→ Assignment:
Your reply should set down word for word each line below from the one with "Толстовка детская хлопковая" through the final line, both included, but none of the pictures.

Excerpts from a dataset
# # #

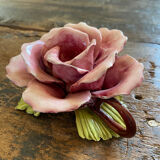 Rose-shaped earthenware candle holder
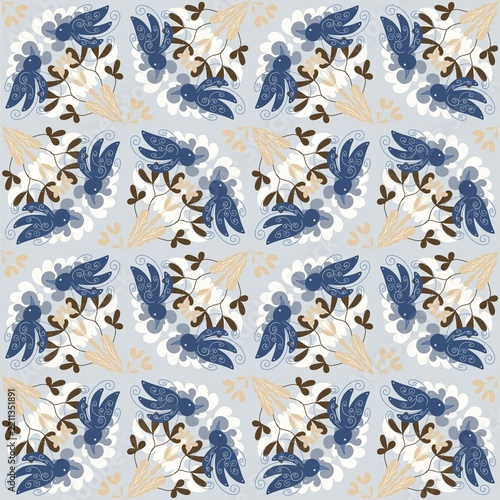 seamless pattern with flowers and hird, herritage pattern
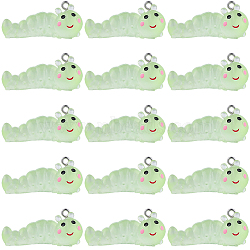 16Pcs Transparent Resin Pendants, Caterpillar, with Platinum Iron Loop, Light Green, 16x36x16mm, Hole: 2mm(RESI-SP0001-63)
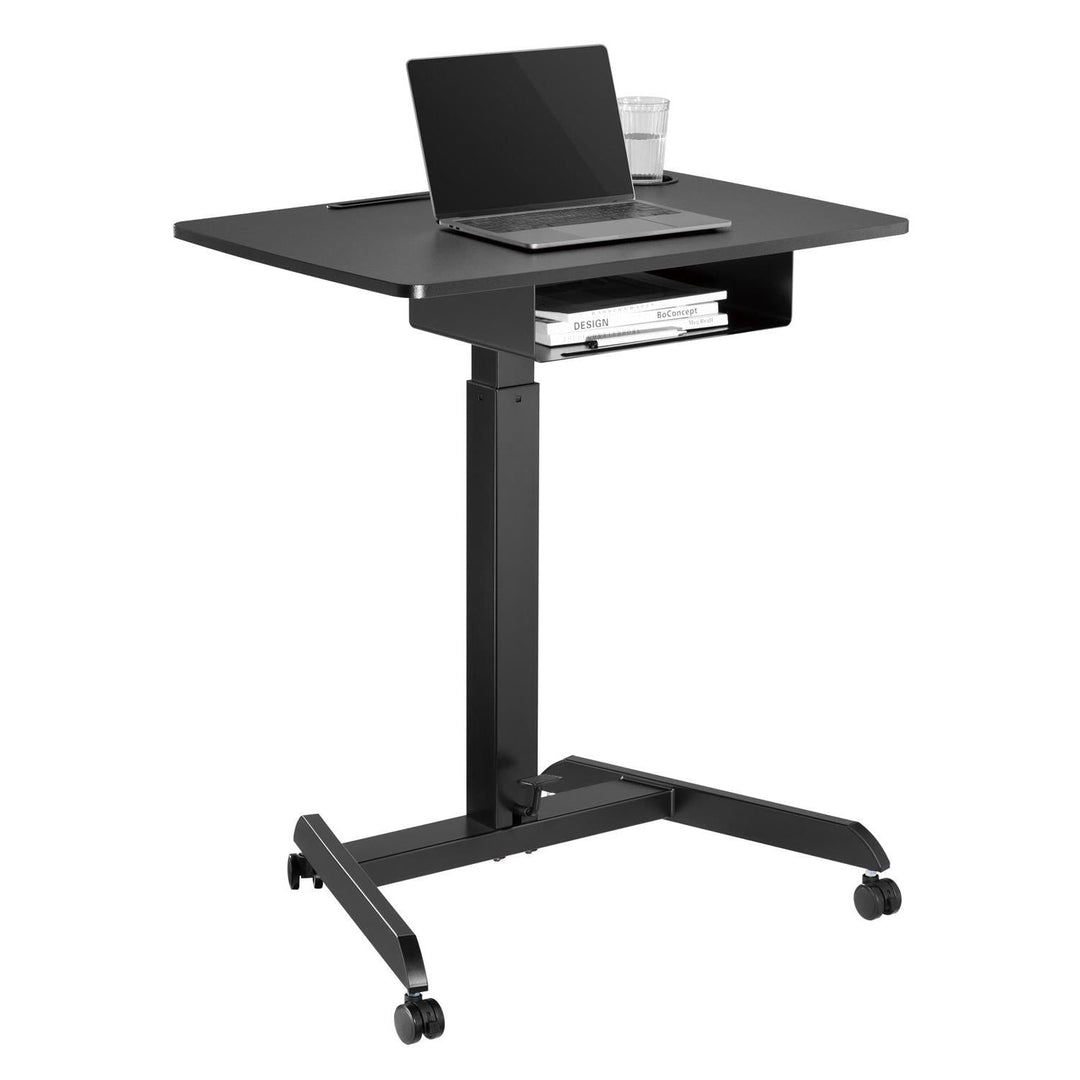 Maclean MC-903B Height Adjustable Laptop Desk with Wheels and One Drawer Sit-stand Desk Height Adjustable up to max. 113cm max. 8kg (Black)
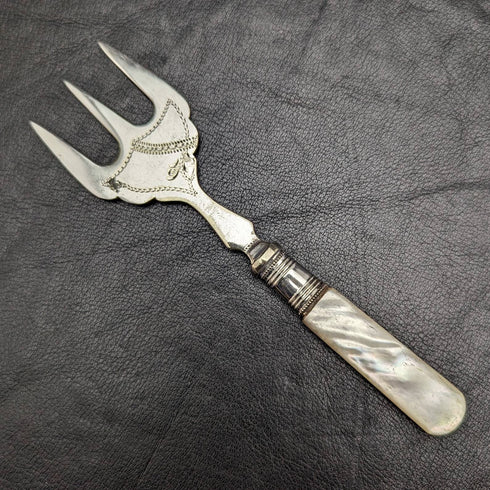 British vintage silver plate dessert cutlery set white butterfly shell handle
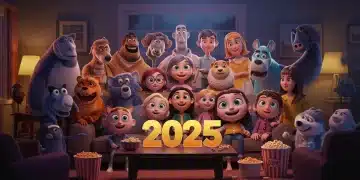 Diverse animated characters watching family-friendly animated shows on a screen in 2025, exuding joy and togetherness.
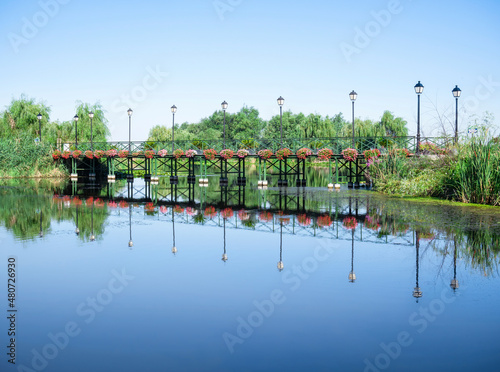 Scenic view with with a bridge reflecting in the water over Comana lake part of Comana Natural Park, located near Bucharest, Romania. photo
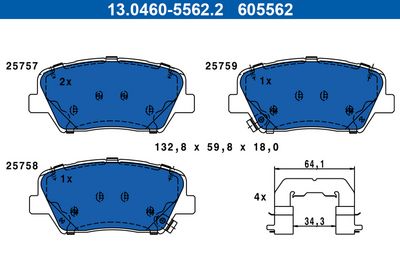 Brake Pad Set, disc brake ATE 13.0460-5562.2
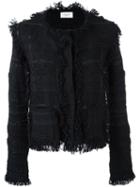 Lanvin Rough Edged Tweed Jacket, Women's, Size: Small, Black, Silk/polyamide/polyester/alpaca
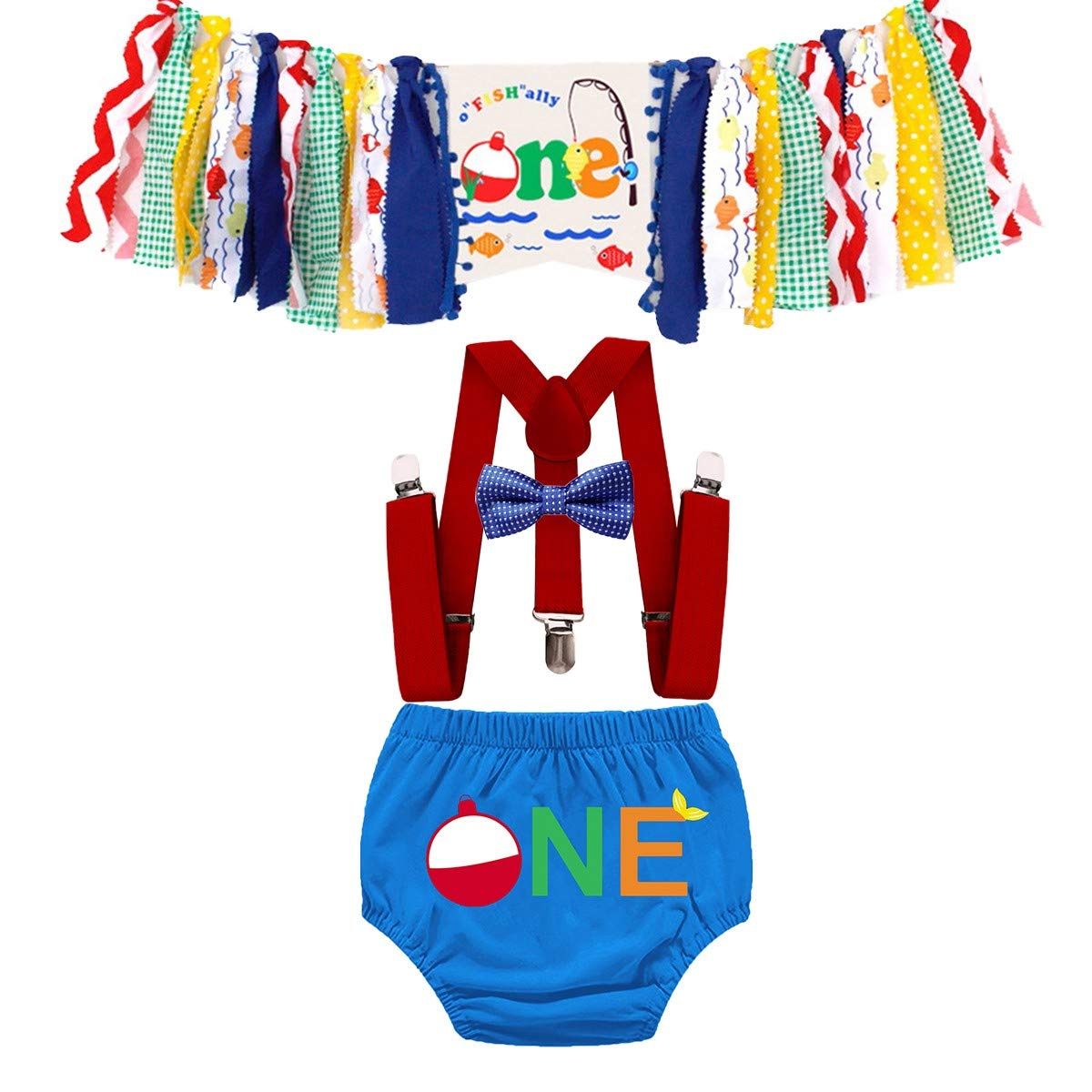 Baby Officially One Birthday Outfit - Cake Smash Photo Props with Suspenders & Bow Tie Set - High Chair Banner Decorations - Perfect for 1st Birthday Photoshoots & Party Celebrations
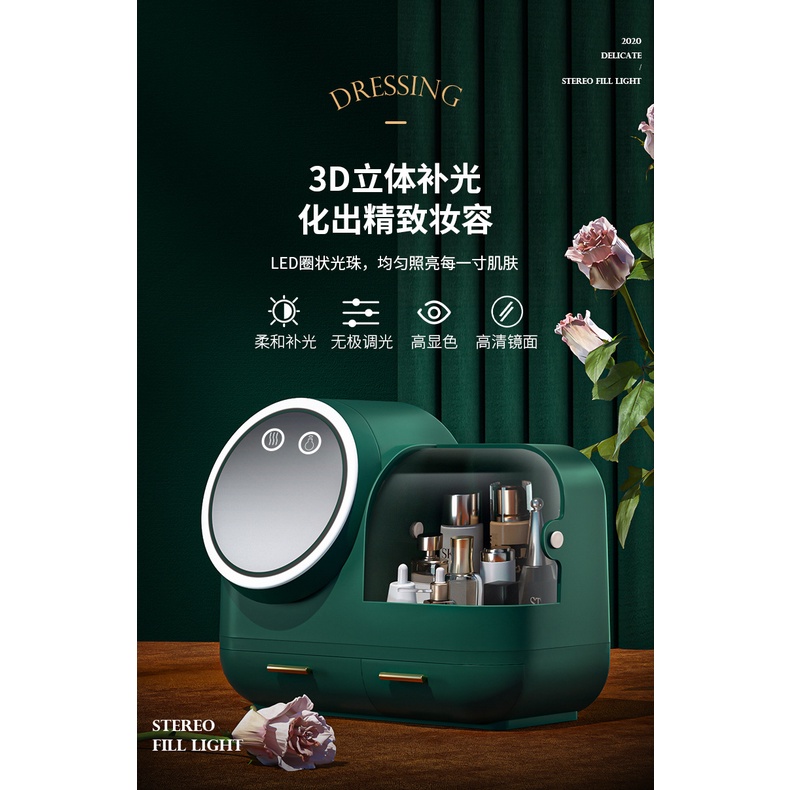 Cosmetic Storage Box Dressing Table Anti-dust Skin Care Product Shelf ...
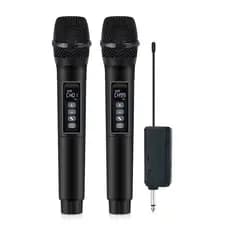 Microfone Sem Fio UHF 2 Unidades | Canal Ajustável e Tela LED para Karaokê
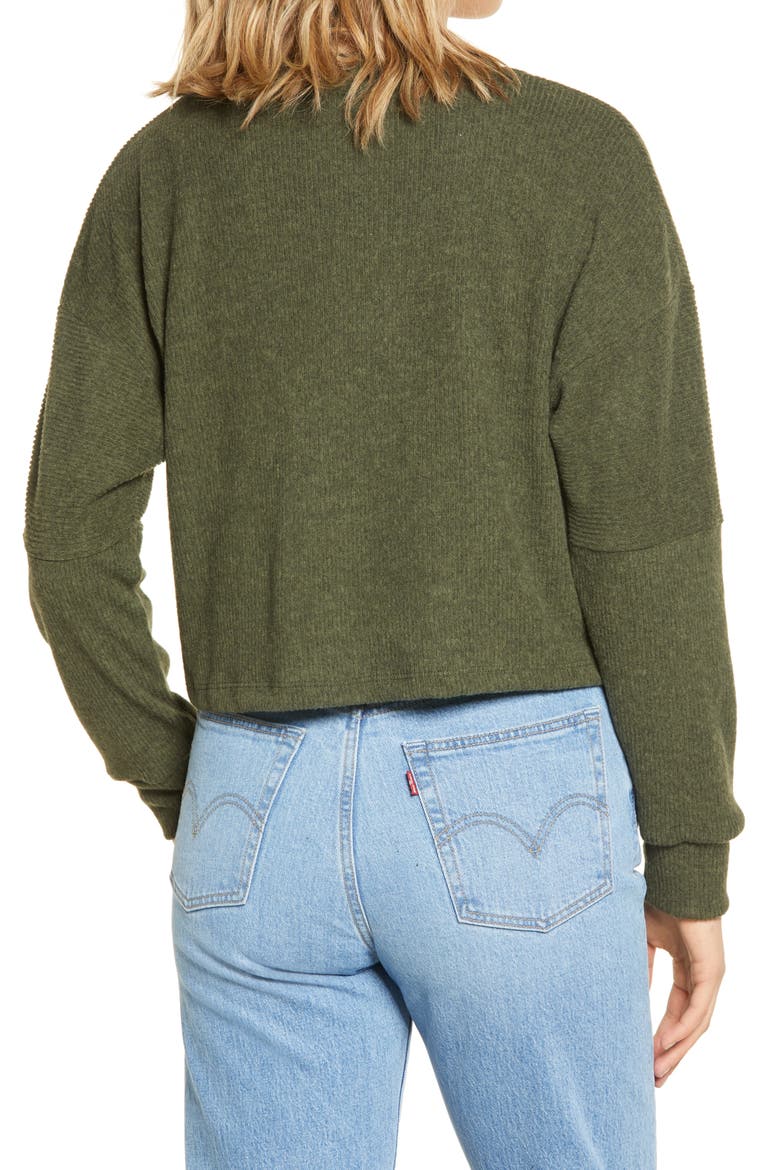 La Land Creative Co Brushed Cardigan Sweater, Alternate, color, OLIVE
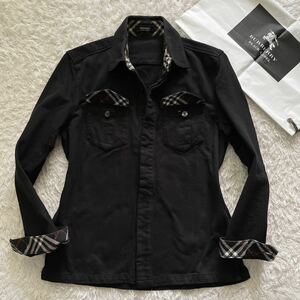 美品 バーバリーブラックレーベル BURBERRY BLACK LABEL 長袖 シャツ ロゴパッチ ノバチェック シャツジャケット 春 2/M ブラック 黒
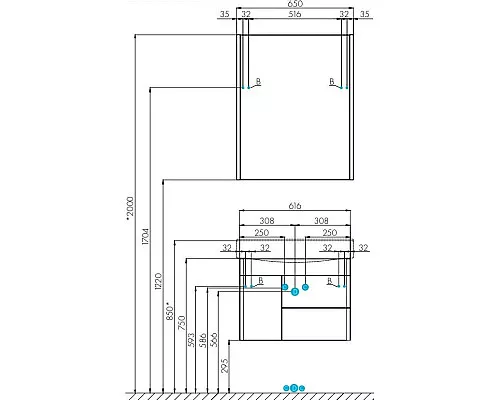 Заказать Тумба с раковиной белый глянец 65 см Акватон Беверли 1A2353K0BV010 в магазине сантехники Santeh-Crystal.ru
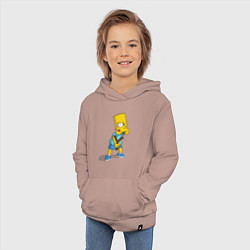 Толстовка детская хлопковая Bart Bully, цвет: пыльно-розовый — фото 2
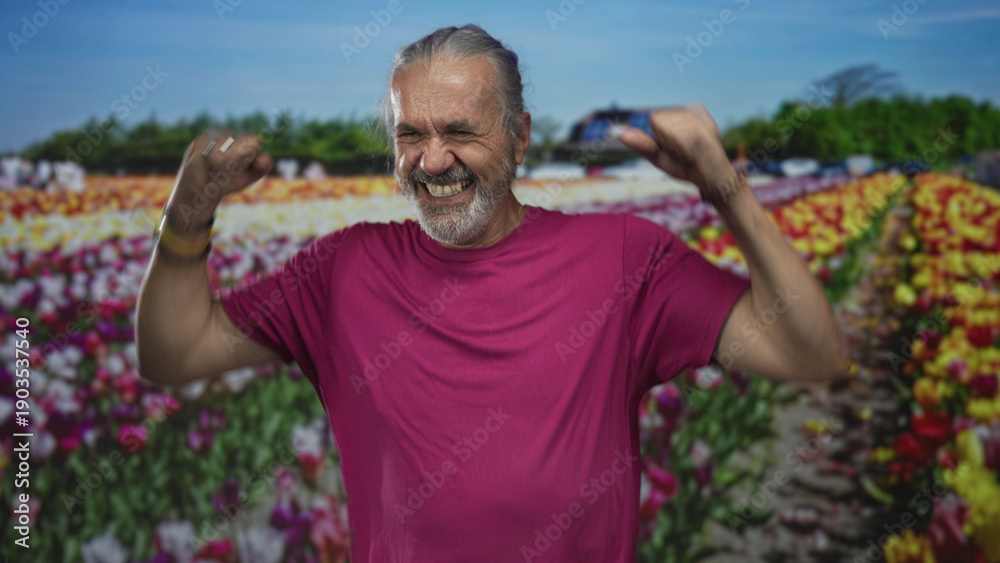 Fototapeta premium Middle age man with long grey hair smiling and fists raised in studio amid rows of colorful tulip flowers in a field; joy celebration.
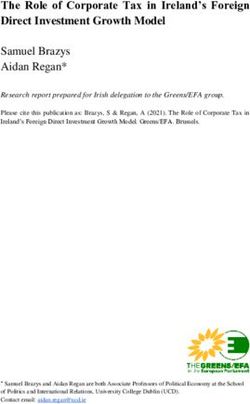 The Role of Corporate Tax in Ireland's Foreign Direct Investment Growth Model Samuel Brazys Aidan Regan* - Ciaran Cuffe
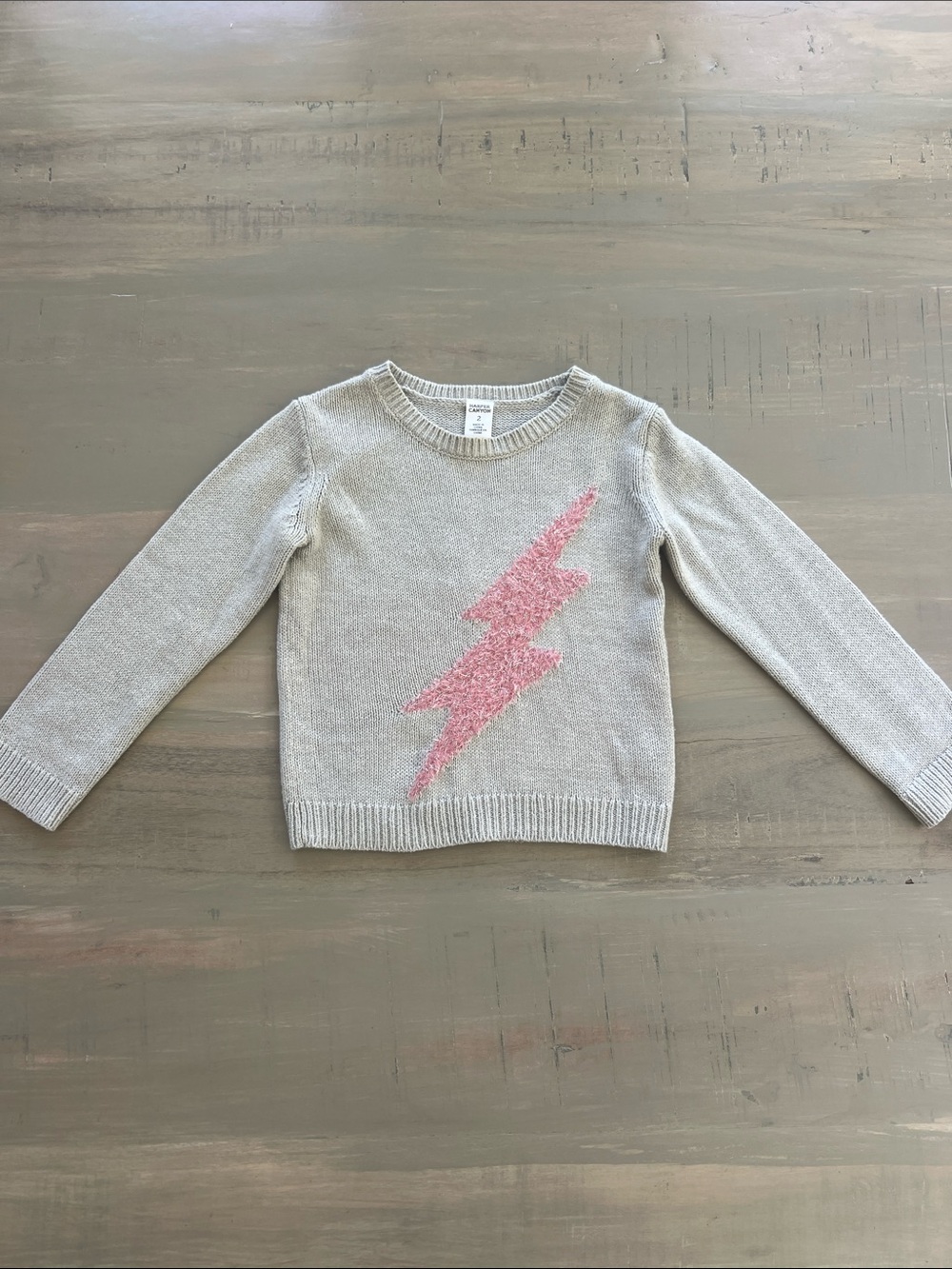 💖⚡️ Worn once! 2T Harper Canyon Gray Sweater with Pink Fuzzy Lightning Bolt.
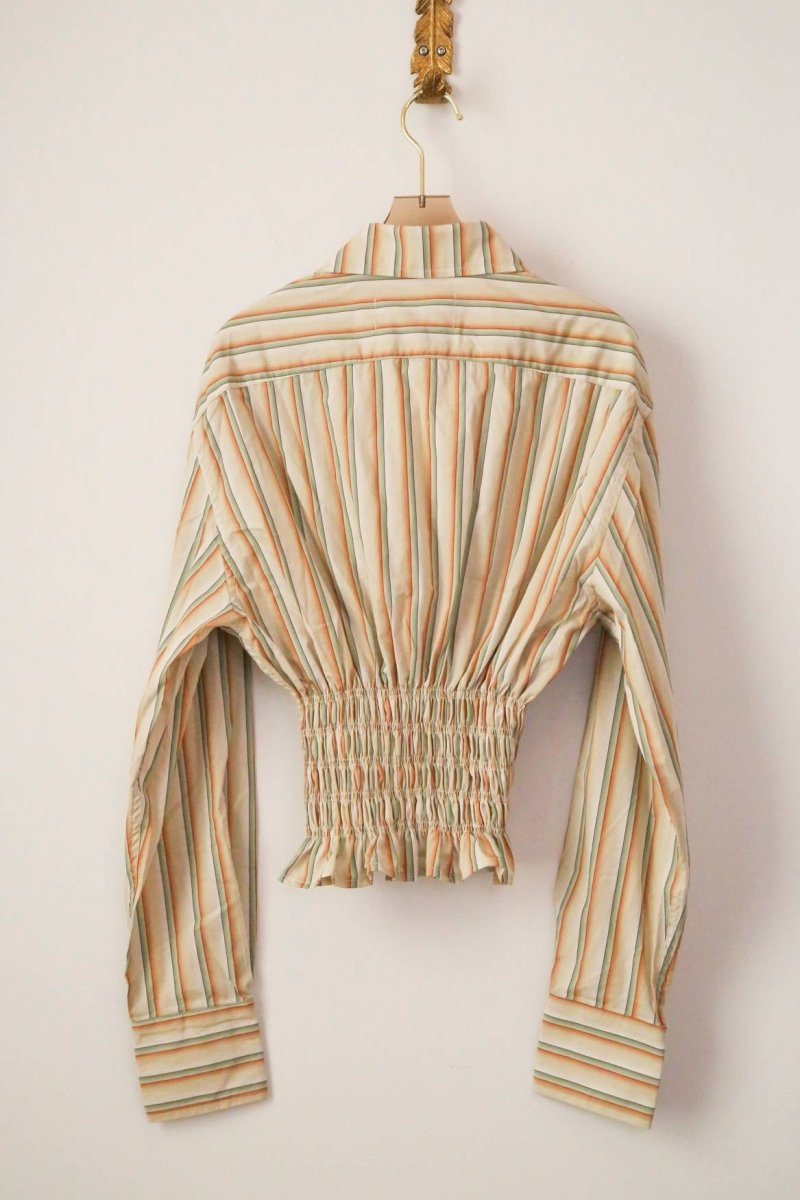 The George Top | Vintage Orange and Jade Stripe with Smocked Waist (Reworked) - Made X Hudson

# # #

→ Exercise response:
 Толстовка детская хлопковая Bart Bully, цвет: пыльно-розовый — фото 2
 Fototapeta premium Middle age man with long grey hair smiling and fists raised in studio amid rows of colorful tulip flowers in a field; joy celebration.
 The Role of Corporate Tax in Ireland's Foreign Direct Investment Growth Model Samuel Brazys Aidan Regan* - Ciaran Cuffe
 💖⚡️ Worn once! 2T Harper Canyon Gray Sweater with Pink Fuzzy Lightning Bolt.
 The George Top | Vintage Orange and Jade Stripe with Smocked Waist (Reworked) - Made X Hudson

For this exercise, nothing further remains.